Notre intuition dès lors était simple : aller voir ce qu’un lieu nous permettait de réveiller que l’absence de lieu ne permettait pas ?
Notre souci, nous le disons sans fausse honte, n’était pas social. Il était artistique. Comment un lieu contribue à faire un art plus élevé et plus juste ? L’art fait partie des pratiques culturelles des gens, par là il est social si le souci de cette inscription dans la vie de chacun est fermement mené et il n’est politique que par sa justesse formelle en réponse aux questions et nœuds qu’adresse la réalité à une conscience contemporaine.

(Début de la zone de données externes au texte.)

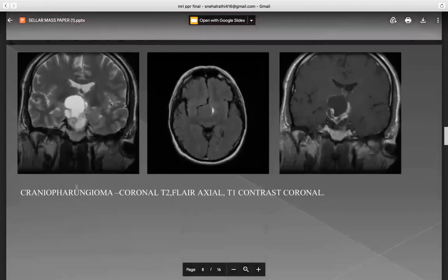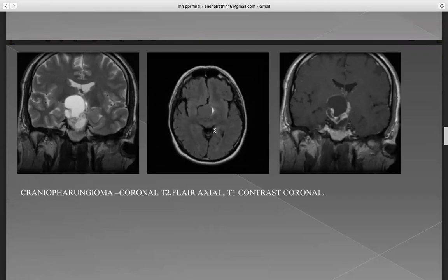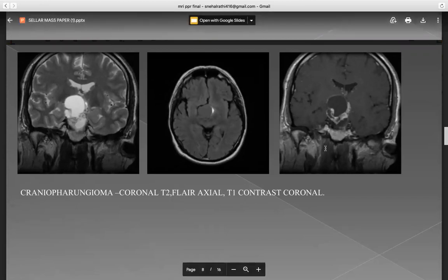These are the images of craniopharyngeoma — coronal T2 FLAIR axial and T1 contrast coronal.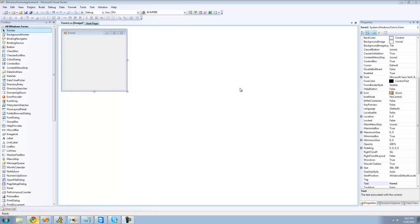Hey guys, welcome to the 23rd C Sharp tutorial. In this tutorial I'm going to be showing you how to make your application look a little bit more professional.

Nous avons tenu fermement ce programme. En quoi le lieu public de théâtre est-il bon pour l’art ? Et quelles conséquences cela a-t-il pour le lieu s’il s’adosse à un tel destin ?
Je dois dire que nous n’étions pas sûrs que ces questions trouvent des réponses faciles. J’ai toujours dit que je venais faire une enquête, savoir si les CDN étaient encore des lieux justes, et par cette position systématique, rigoureuse, ne se payant pas de mots ou de simulacres, aider à répondre que oui. C’est notre travail, c’est le projet, dont la conclusion est en actes, en devenir, empirique.

Nous avons créé une nouvelle manière de produire, en passant commande à des artistes célèbres de nos Pièces d’actualité. En septembre 2019, à l’heure où j’écris, Richard Maxwell est en train de réaliser la 14e.

C’est rare qu’un lieu de création propose et mette en œuvre un programme de nouvelles formes en quête de réel, que de grands artistes acceptent voire sollicitent de remplir.
Quand nous quitterons le lieu, nous aurons constitué un catalogue de formes, dont beaucoup sont devenues célèbres et inspirantes.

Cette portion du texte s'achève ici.